The International Agency for Research on Cancer (IARC) of the World Health Organization (WHO) launched the INTERPHONE study in 2000. As the largest case-control study on the use of mobile phones and brain tumours, INTERPHONE collected and evaluated epidemiological data and information on the use of mobile phones from 13 countries (Australia, Canada, Denmark, Finland, France, Germany, Israel, Italy, Japan, New Zealand, Norway, Sweden and the UK).

The participants in the INTERPHONE study were between 30 and 59 years old. The study included 2,708 cases of glioma, 2,409 meningiomas and 1,105 acoustic neuromas in the period from 2000 to 2004, as well as an equal number of matched healthy comparison subjects (controls). In the study design of case-control studies, cases and corresponding controls are selected in such a way that they are comparable with regard to possible confounding factors such as age and gender in a procedure known as matching. The main analysis showed no statistically significant increase in risk for these brain tumours overall, but a subgroup analysis revealed an increased risk of glioma^[1] and acoustic neuroma^[2] in people with a very high total call duration.
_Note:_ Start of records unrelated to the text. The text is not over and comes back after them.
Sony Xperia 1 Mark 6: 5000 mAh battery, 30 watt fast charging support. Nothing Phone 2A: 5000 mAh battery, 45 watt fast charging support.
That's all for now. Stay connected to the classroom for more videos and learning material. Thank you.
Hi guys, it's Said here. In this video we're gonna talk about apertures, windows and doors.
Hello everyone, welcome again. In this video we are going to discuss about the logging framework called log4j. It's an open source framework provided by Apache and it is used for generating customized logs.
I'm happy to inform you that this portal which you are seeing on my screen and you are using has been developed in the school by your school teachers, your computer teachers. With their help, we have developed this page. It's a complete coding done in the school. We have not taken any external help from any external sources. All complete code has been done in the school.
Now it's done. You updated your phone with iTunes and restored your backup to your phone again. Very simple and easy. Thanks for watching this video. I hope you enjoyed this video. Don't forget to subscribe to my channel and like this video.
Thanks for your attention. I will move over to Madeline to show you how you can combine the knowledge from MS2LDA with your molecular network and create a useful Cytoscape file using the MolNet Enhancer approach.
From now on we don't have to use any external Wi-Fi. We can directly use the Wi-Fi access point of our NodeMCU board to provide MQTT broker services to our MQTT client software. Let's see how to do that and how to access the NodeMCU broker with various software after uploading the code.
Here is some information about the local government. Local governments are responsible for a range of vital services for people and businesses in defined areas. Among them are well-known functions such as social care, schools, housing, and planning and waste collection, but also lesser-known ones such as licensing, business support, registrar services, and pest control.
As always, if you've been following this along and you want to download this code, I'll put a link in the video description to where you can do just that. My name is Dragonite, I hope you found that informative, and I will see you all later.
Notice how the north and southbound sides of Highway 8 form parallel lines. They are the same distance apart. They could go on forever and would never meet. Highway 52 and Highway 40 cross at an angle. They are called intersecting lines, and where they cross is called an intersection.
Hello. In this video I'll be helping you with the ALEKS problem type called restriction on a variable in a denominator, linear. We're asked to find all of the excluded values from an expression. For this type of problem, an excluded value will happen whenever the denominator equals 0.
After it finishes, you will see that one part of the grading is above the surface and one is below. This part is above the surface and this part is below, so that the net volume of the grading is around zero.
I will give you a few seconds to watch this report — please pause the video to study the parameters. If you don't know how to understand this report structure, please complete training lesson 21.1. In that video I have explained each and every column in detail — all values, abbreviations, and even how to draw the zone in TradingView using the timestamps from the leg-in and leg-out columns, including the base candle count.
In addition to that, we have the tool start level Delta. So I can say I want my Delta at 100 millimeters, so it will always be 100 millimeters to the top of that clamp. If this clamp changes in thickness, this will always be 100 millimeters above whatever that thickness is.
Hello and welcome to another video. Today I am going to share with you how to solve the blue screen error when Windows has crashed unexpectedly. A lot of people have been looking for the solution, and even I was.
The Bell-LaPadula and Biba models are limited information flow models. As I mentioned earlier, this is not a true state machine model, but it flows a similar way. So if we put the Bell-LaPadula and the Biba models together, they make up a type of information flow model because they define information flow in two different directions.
At about the same time, a retrospective cohort study was set up in Denmark to address the same question. To this end, data from Danish mobile phone operators was linked with data from the Danish Cancer Registry. For the observation periods 1996-2001 and 2002-2007, no increase in the risk of brain tumours was observed in over 420,000 mobile phone users.^{[3, 4]}

In another cohort study from the United Kingdom (the Million Women Study), no increased risk of glioma or meningioma was observed based on self-reported mobile phone use^[5]. Although an increased risk of acoustic neuroma was observed in the first follow-up to this study^[5], this increase was no longer evident in a further study based on a longer follow-up^[6]. This was also confirmed in the most recent follow-up, whose results were published in 2022.^[7]

In contrast to the results of these cohort studies, evaluations of Swedish case-control studies showed increased risks of glioma and acoustic neuroma after only a few hours of cumulative mobile phone use and a short time after the first use of a mobile phone^{[8, 9, 10]}. Internationally, the results of the Swedish case-control studies on brain tumours have been cast in a critical light, particularly with regard to a number of methodological weaknesses that limit their evidential value^[11].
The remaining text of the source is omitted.